Fort de l’opération menée au Venezuela, Donald Trump multiplie les menaces et revendications sur le Groenland, au nom de la sécurité nationale américaine. Une posture de plus en plus assumée qui inquiète le Danemark et ravive les tensions au sein de l’OTAN.
Où s’arrêtera Donald Trump ? Quarante-huit heures après la capture de Nicolas Maduro, dans la nuit de vendredi 2 à samedi 3 janvier le président américain se sent pousser des ailes et multiplie les menaces : contre la Colombie, contre Cuba, mais aussi contre le Mexique, et désormais contre le Groenland. “Nous en avons besoin”, assure Donald Trump. Un message on ne peut plus clair, répété à deux reprises en l’espace de quelques heures par le président américain.

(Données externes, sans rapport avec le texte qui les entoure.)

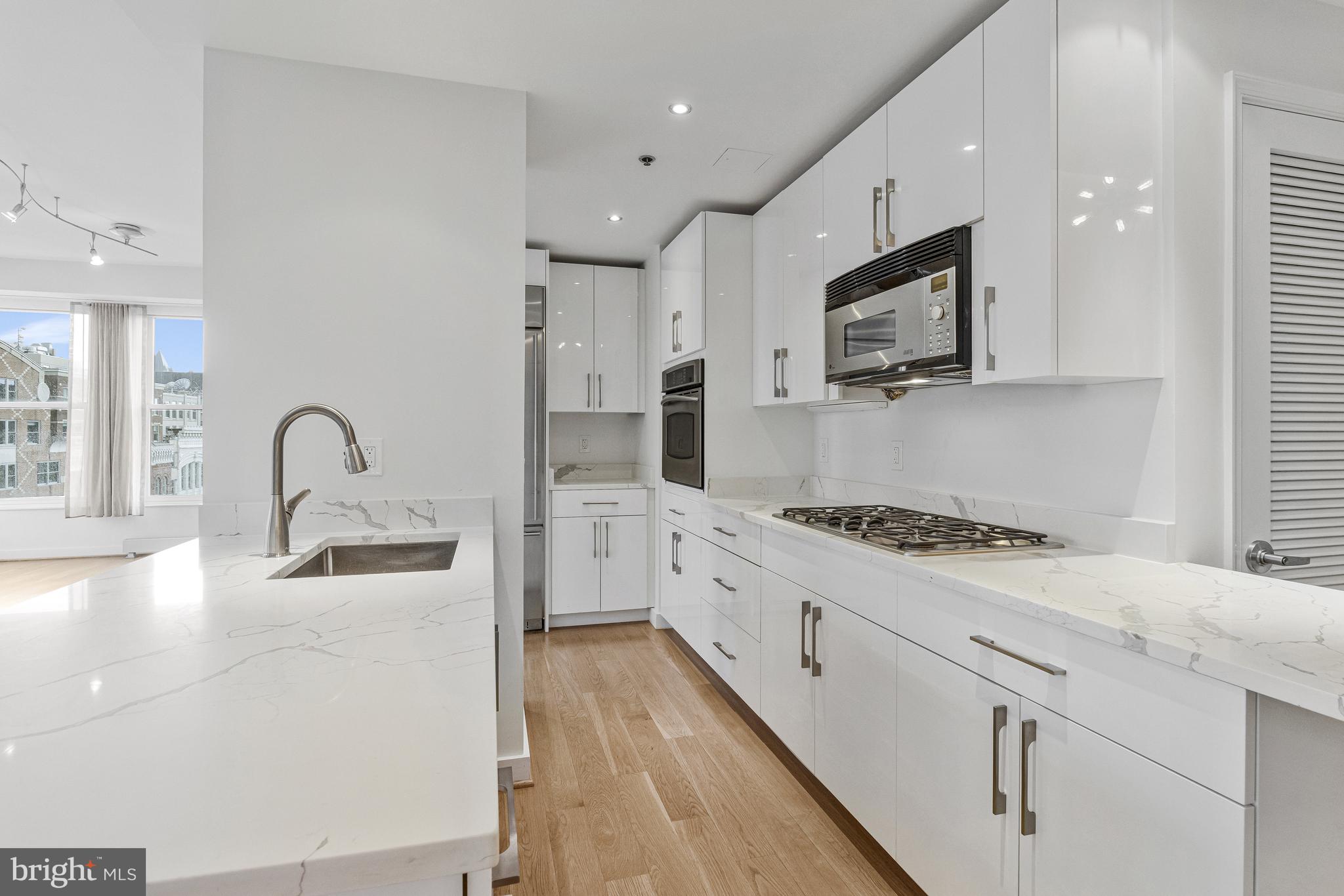 675 E Street Northwest, Unit 900 Washington, DC 20004 - Photo 22 of 41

Il en a parlé dimanche soir dans une interview au journal The Atlantic, puis à nouveau devant des journalistes, à bord d’Air Force One, lorsque son avion le ramenait de Floride vers Washington. “Nous avons besoin du Groenland. C’est une question de sécurité nationale, assure Donald Trump. Aujourd’hui, le Groenland est cerné de bateaux russes et chinois, et le Danemark ne peut pas s’en occuper.” S’ensuit une conversation où Donald Trump ironise sur les moyens de sécurité déployés sur l’île par le Danemark. Puis le président américain reprend son sérieux. “Nous avons besoin du Groenland, et l’Union européenne a besoin que nous l’ayons.” Un message envoyé à ses alliés de l’OTAN, avec une transparence aussi déroutante qu’inquiétante.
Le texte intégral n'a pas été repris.